Problem: Look for "Vintage" in each line of the entries, and return the matching lines.

BEGIN Available data

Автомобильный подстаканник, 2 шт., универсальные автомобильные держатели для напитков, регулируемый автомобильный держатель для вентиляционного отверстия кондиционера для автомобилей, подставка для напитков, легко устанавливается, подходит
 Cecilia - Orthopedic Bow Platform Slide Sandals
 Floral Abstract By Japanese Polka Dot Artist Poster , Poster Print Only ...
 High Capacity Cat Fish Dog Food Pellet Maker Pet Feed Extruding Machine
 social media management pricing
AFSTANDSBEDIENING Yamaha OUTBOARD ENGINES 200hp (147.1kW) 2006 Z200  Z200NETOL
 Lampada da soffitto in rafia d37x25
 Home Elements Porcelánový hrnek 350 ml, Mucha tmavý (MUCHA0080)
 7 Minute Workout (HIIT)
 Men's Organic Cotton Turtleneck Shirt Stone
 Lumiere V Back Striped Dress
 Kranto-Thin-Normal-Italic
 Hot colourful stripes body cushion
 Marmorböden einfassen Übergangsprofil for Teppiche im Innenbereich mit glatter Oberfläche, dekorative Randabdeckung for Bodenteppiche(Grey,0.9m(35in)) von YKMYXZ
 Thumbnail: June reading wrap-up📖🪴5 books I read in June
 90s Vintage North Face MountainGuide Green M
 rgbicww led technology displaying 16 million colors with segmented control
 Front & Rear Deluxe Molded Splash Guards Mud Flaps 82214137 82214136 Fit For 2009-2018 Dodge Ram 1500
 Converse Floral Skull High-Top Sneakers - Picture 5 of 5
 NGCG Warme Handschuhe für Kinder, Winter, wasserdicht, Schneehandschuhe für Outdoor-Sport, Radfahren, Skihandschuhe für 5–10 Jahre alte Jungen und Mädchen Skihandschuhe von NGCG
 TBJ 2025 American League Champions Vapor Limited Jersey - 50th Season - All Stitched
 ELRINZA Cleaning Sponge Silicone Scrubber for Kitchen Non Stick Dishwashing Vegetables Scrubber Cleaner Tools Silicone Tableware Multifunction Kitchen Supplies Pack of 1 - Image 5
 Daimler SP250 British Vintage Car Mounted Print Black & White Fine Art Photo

END Available data

Answer section:
 90s Vintage North Face MountainGuide Green M
 Daimler SP250 British Vintage Car Mounted Print Black & White Fine Art Photo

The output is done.